TASK PROMPT. Going down the listing below, print exactly each line from the one with "Holder Grain White x Black" up to and including the one with "Audi Q7 3.0", and skip the rest.
'''
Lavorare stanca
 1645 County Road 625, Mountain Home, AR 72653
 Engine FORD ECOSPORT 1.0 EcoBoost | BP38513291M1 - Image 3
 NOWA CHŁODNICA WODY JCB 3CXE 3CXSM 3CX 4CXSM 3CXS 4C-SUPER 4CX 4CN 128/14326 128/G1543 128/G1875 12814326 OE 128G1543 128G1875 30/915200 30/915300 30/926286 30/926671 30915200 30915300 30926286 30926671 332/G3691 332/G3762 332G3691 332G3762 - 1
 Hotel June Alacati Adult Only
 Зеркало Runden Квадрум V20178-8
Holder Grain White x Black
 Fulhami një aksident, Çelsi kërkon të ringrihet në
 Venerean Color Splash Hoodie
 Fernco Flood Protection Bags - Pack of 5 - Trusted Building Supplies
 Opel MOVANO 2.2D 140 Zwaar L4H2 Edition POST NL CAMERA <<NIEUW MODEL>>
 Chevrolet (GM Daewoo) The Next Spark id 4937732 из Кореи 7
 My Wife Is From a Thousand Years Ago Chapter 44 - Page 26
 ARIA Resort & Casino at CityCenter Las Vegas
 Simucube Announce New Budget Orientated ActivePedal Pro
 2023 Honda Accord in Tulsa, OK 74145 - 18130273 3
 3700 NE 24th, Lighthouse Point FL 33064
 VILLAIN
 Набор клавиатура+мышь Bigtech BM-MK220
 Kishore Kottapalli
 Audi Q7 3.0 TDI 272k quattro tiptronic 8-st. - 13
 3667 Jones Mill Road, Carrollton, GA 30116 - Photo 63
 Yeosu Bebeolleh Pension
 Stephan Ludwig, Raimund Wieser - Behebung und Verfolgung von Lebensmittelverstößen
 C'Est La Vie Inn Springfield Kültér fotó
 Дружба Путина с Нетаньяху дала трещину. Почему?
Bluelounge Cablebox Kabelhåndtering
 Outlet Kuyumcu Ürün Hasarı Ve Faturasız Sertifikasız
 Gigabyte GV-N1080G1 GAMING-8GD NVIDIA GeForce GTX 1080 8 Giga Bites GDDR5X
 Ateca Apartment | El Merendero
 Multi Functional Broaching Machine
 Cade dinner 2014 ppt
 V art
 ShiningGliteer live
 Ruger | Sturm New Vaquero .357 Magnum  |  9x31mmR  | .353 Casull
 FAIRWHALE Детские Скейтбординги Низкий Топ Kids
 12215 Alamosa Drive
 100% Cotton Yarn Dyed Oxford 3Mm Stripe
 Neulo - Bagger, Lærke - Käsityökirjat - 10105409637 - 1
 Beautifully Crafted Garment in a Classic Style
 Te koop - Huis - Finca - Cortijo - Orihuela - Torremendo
'''
EXERCISE RESULT.
Holder Grain White x Black
 Fulhami një aksident, Çelsi kërkon të ringrihet në
 Venerean Color Splash Hoodie
 Fernco Flood Protection Bags - Pack of 5 - Trusted Building Supplies
 Opel MOVANO 2.2D 140 Zwaar L4H2 Edition POST NL CAMERA <<NIEUW MODEL>>
 Chevrolet (GM Daewoo) The Next Spark id 4937732 из Кореи 7
 My Wife Is From a Thousand Years Ago Chapter 44 - Page 26
 ARIA Resort & Casino at CityCenter Las Vegas
 Simucube Announce New Budget Orientated ActivePedal Pro
 2023 Honda Accord in Tulsa, OK 74145 - 18130273 3
 3700 NE 24th, Lighthouse Point FL 33064
 VILLAIN
 Набор клавиатура+мышь Bigtech BM-MK220
 Kishore Kottapalli
 Audi Q7 3.0 TDI 272k quattro tiptronic 8-st. - 13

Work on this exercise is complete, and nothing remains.